Se prendiamo ad esempio l’EDI, spiega il manager, rileviamo una buona diffusione della fatturazione e del ciclo ordini e conferme; viceversa, «per i documenti di consegna (DesAdv e RecAdv, nel linguaggio della GDO) dopo anni siamo ancora al “palo”. Il fornitore è poco motivato a sostenere costi per aggiornare i propri sistemi e affiancare i documenti digitali a quelli cartacei nella fase di transizione. Il suo processo migliorerebbe sensibilmente con il ricevimento del RecAdv». Per il distributore, invece, il valore dal DesAdv è oggi quasi teorico, perché i suoi processi di ricevimento merce sono disegnati a partire dalla carta (DDT ed etichette logistiche), quindi l’utilizzo del documento digitale produce benefi ci limitati se non irrigidimenti.

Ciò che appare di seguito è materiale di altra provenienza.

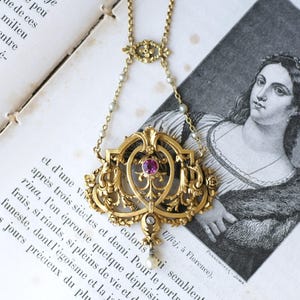 Peut inclure: Un collier pendentif en or avec un design ajouré complexe, une pierre précieuse rose ronde au centre, un petit diamant et une perle pendante. La chaîne est ornée de minuscules perles de semence et d'un connecteur décoratif en or.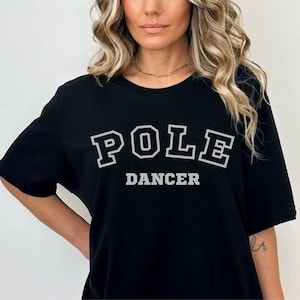 Puede incluir: Camiseta negra con el texto "POLE DANCER" en letras blancas con contorno.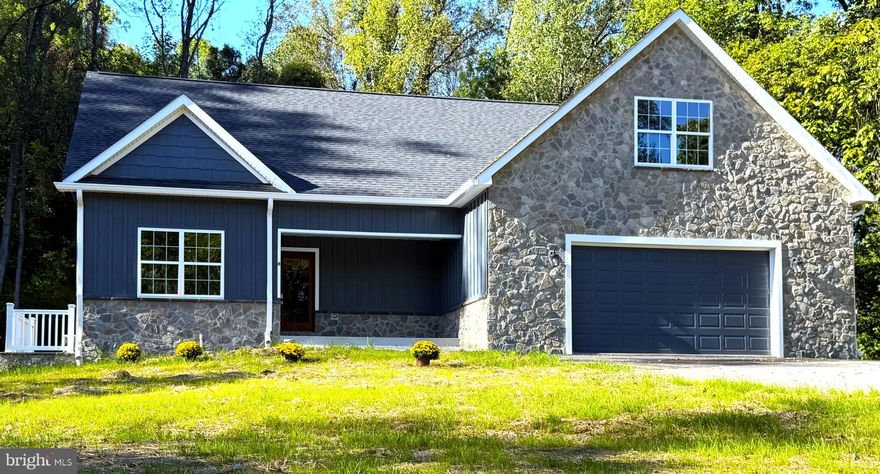 Seller assist included for closing costs or appliances. Brand new home with so many upgrades- quality throughout. Walk to  the back side of the ski slope (need season pass) or just stay home and enjoy nature. Solid antique oak flooring, oversized kitchen with granite countertops. This house is huge and must be seen to appreciate it. Basement could be finished into playroom, pool room, wine cellar, man cave, home theater etc. rough in for basement  bathroom, but the house already has 3.5 baths.... Will go just about any loan program 100% finished and ready to move in. Large walk in closet in primary bedroom, with private bath- home life was never so sweet.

Chi ha ridisegnato i propri processi di ricevimento contando sulla disponibilità del DesAdv ne ha tratto grandi benefici in efficienza e qualità dell’informazione: è il caso ad esempio di Conad per le piattaforme freschi. Le normative sul DDT e sul diritto del trasporto, presentate spesso come un vincolo, sono più un alibi per non affrontare il cambiamento che un vero limite», prosegue Licciardello.

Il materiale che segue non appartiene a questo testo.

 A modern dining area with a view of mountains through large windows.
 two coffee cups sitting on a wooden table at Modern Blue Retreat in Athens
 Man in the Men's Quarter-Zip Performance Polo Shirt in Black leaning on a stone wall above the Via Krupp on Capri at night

Se invece parliamo di fatturazione, l’articolo 62 ha introdotto de-facto l’obbligo di trasmissione elettronica tracciabile delle fatture tra produttori e distributori. La scelta più semplice per molti è stata la trasmissione via PEC: certezza di consegna e riduzione dei costi postali. «In realtà ha creato costi aggiuntivi in software, il PEC Manager, e confusione nell’operatività. Nelle affollate caselle PEC arrivano documenti PDF che ai fini del trattamento vengono stampati. Anche dove è già presente l’archiviazione documentale spesso non ci si risparmia neppure la successiva scansione, perché il documento archiviato “deve” riportare timbri, firme, note ecc.. Non aver scelto la fatturazione EDI è un’occasione persa per tutti».
Una volta tanto, dunque, lo Stato è stato rapido e concreto. Siamo cittadini contenti almeno per questo? «Ovviamente no – conclude il manager-. Molte imprese vivono questa innovazione come l’ennesimo lacciuolo anziché accoglierla come stimolo a fare lo stesso nella propria impresa. Quante aziende retail della GDO ad esempio hanno piani per digitalizzare sia i DDT che le fatture agli affiliati?».